December is a special month for children. It is a time for secrets, wishing, and anxiously waiting for the holiday celebrated with lights, so appropriate during the darkest time of the year. For many parents, however, December is a time of stress with so much on the calendar, but as adults we can still get caught up in the spirit of giving, enjoy the excitement of the children and remember the wonderment we felt as a child. Most of the magic for me during my childhood was in the waiting and imagining and hoping for what was to be revealed on the day of days.

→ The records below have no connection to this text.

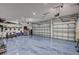 Spacious three-car garage with epoxy flooring and ample storage, ideal for car enthusiasts or hobbyists at 11913 Blue Hill Trl, Bradenton, FL 34211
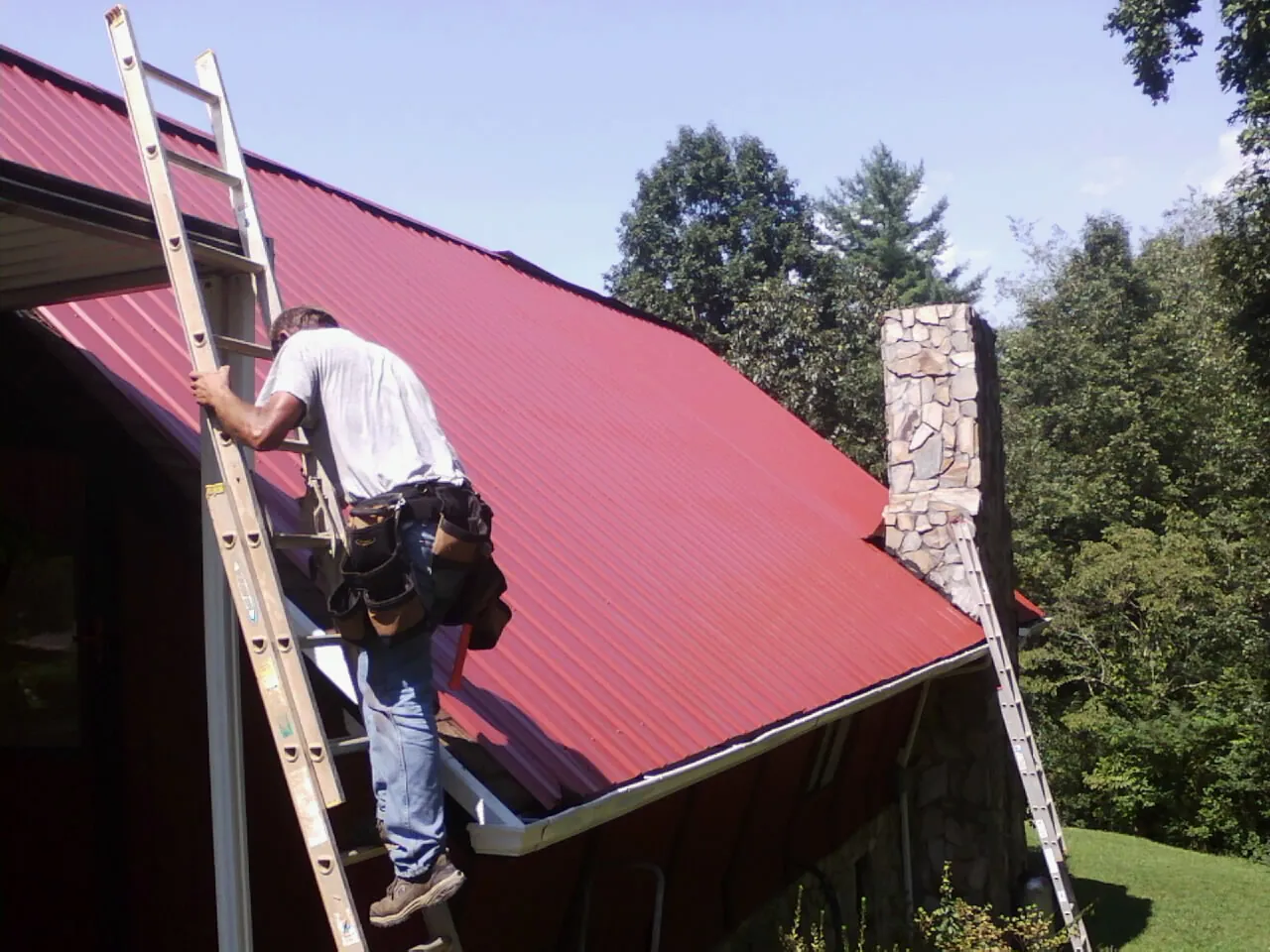 Roofer on a ladder beside a red metal roof and stone chimney — Soffit & Fascia Repair by Roofing Brothers in Victory Mills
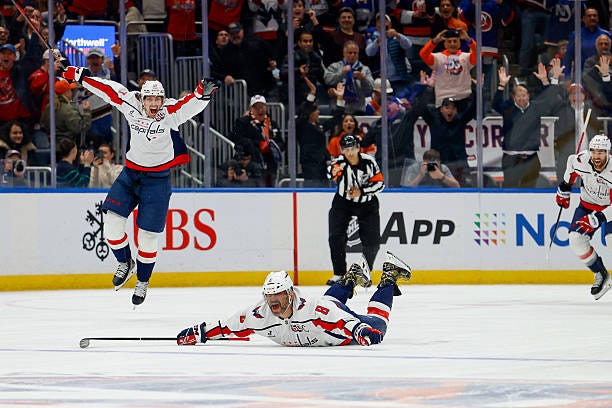 Alex Ovechkin of the Washington Capitals celebrates as he scores his 895th career NHL goal, breaking the record of 894 goals set by Wayne Gretzky...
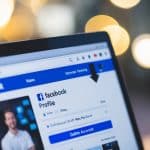 Uma tela de computador com um perfil do Facebook aberto, um cursor pairando sobre o botão "Excluir Conta", cercado por uma sensação de definitividade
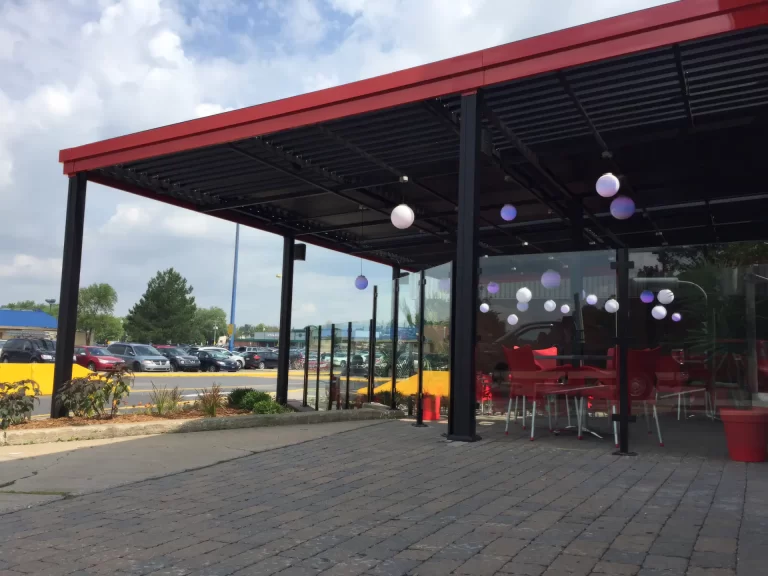 Black pergola trimmed in red over the terrace, Pacini in Longueuil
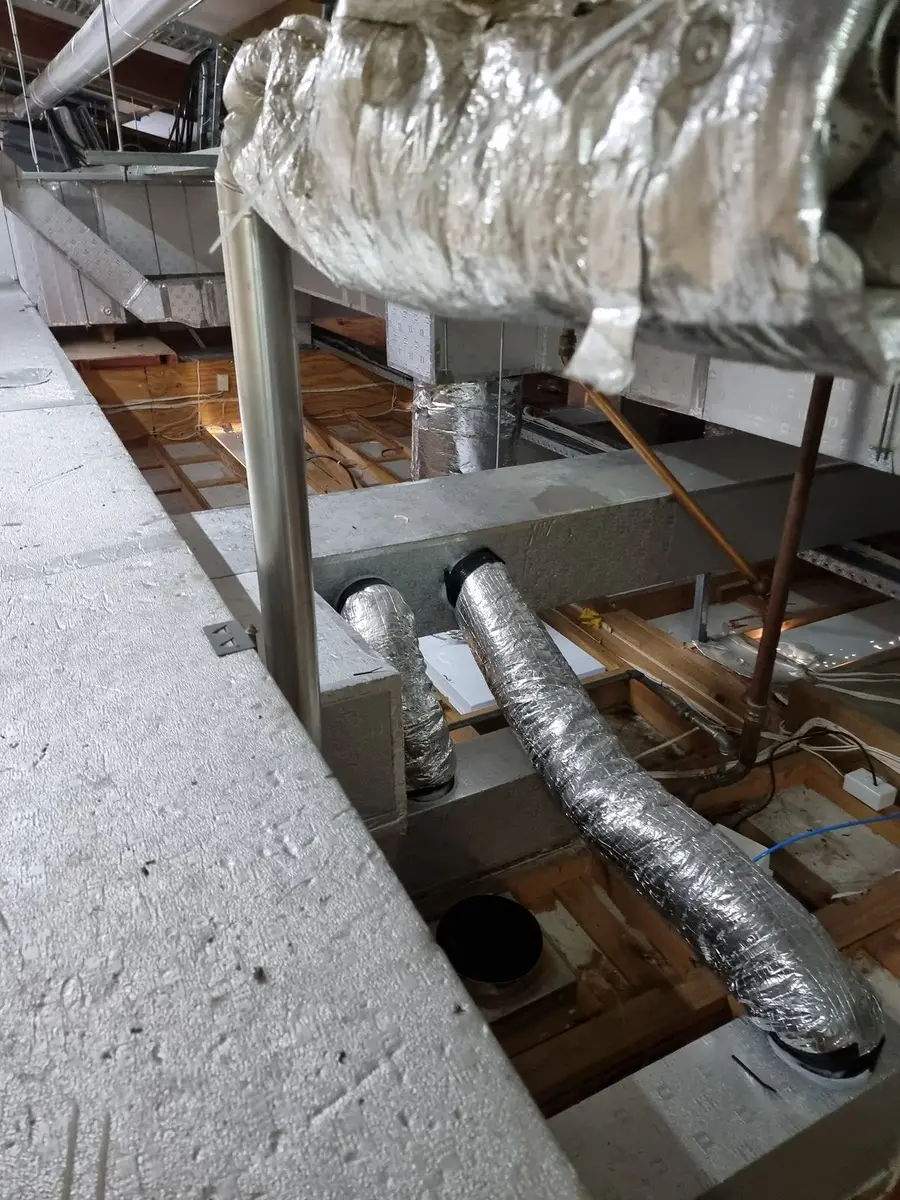 Lagged duct in the ceiling void with asbestos insulation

My two brothers, sister and myself grew up during the depression, but somehow my parents managed to make the celebration wondrous and eagerly awaited. Church services always came first, with the caroling and that yearly visit to the life size nativity set arrayed impressively in the corner next to the altar. I loved to stand in front of it, impressed with the story told by the silent figures of Joseph, Mary, the baby, the shepherds, the animals, and later, the three Kings who appeared mysteriously in the crèche after Christmas.

I remember the perfect Christmas tree and the aroma of the homemade foods filling the house in preparation for those meals reserved for the holidays. I can still see my mother placing the glass of milk and dish of cookies on a plate for Santa. Years later when we no longer believed in the folk lore, we asked our father, "Who ate the Christmas cookies?" He replied with a booming voice, "Well, who do you suppose? It was this Santa (pointing to himself) who always brought you Christmas."

My parents never charged a thing and always paid cash for all they purchased. Looking back, I realize that they must have deprived themselves to bring us one day of the year that was filled with wonder and many more days of anticipation during December. Soon after Thanksgiving I would wait for the mail, spending hours looking through those wonderful catalogs from Sears and "Monkey Wards". I would page through, dreaming and hoping. Now and then I would leave a hint with a turned down corner page of the catalog. In those days we never dared to ask for anything, but I do recall one year when my mother actually asked me what I wanted. The depression was winding down, my father was back to work, and times weren't so grim.  I told her I only wanted books. My wish was granted and I received a tall stack of books under the tree. My mother knew her authors. That stack was filled with the classics I still remember... by authors such as Louisa May Alcott, Rudyard Kipling and Jack London. Those books were read and re-read during the vacation and long after. I never said the words "I'm bored" to my parents.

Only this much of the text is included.